Shale gas from the United States had been touted as a panacea to Japan’s energy crisis after the Fukushima nuclear disaster nearly six years ago. The first supplies arrived in Japan last month to much fanfare but the revelation of its higher cost would seem to undermine the initial euphoria.
Japan, the world’s biggest importer of LNG, received 211,237 tonnes of U.S. LNG at an average cost of $645 a ton, according to a breakdown of customs-cleared imports released by the Ministry of Finance.
By contrast, the lowest it paid was $337 a ton for 64,246 tonnes of LNG from Angola.
The country paid an average of $386 a ton for all 8.3 million tonnes of LNG it imported last month, the data showed.
The 428,626 tonnes of LNG imported from Brunei, at $416 per ton, were the second highest-priced supplies.

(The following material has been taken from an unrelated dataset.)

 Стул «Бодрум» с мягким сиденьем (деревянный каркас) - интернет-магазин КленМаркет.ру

Australia was Japan’s biggest supplier in January, sending 2.01 million tonnes at a cost of $384 a ton.
The prices are for landed cargoes, including shipping, and based on the ministry’s official exchange rate for the month.
The U.S. supplies came from Cheniere Energy Inc’s LNG.A Sabine Pass LNG Terminal in Louisiana, the first of several export facilities being built to capitalize on the surge of shale gas supply extracted through new drilling techniques in the past decade.

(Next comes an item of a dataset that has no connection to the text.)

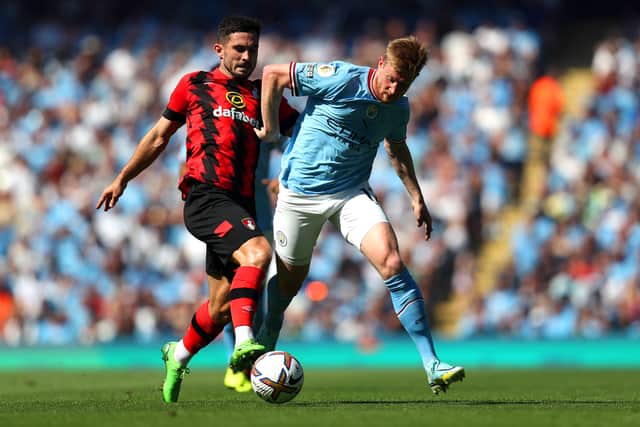 De Bruyne was selected as our Man of the Match on Saturday. Credit: Getty.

After the March 2011 Fukushima nuclear disaster led to the shutdown of the country’s reactors, Japan’s utilities imported record amounts of LNG and other fossil fuels. The companies later signed up to buy millions of tonnes a year of U.S. LNG.
They were encouraged by the Japanese government, which was alarmed at the high cost of imports and attracted to cheap U.S. gas prices. NGc1
JERA Co, a joint venture between Tokyo Electric Power 9501.T and Chubu Electric Power 9502.T and the world’s biggest individual buyer of LNG, announced in January it imported Japan’s first shale gas cargoes.

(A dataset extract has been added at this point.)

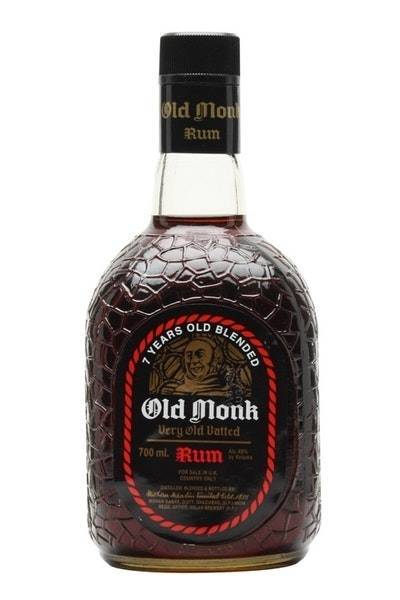 Old Monk 7 Year Rum (750 ml)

The company took in two cargoes, totaling about 140,000 tons, with one for Tokyo Electric and the other for Chubu Electric, a JERA spokesman said by phone on Friday.
“For diversification, it is important to have various price benchmarks, so we will continue to have a certain share of LNG that is linked to U.S. price benchmarks,” he said.
A third cargo arrived in a port in western Japan, according to the trade data, suggesting it was destined for Kansai Electric Power Co 9503.T.
Kansai Electric declined to immediately comment when contacted by Reuters.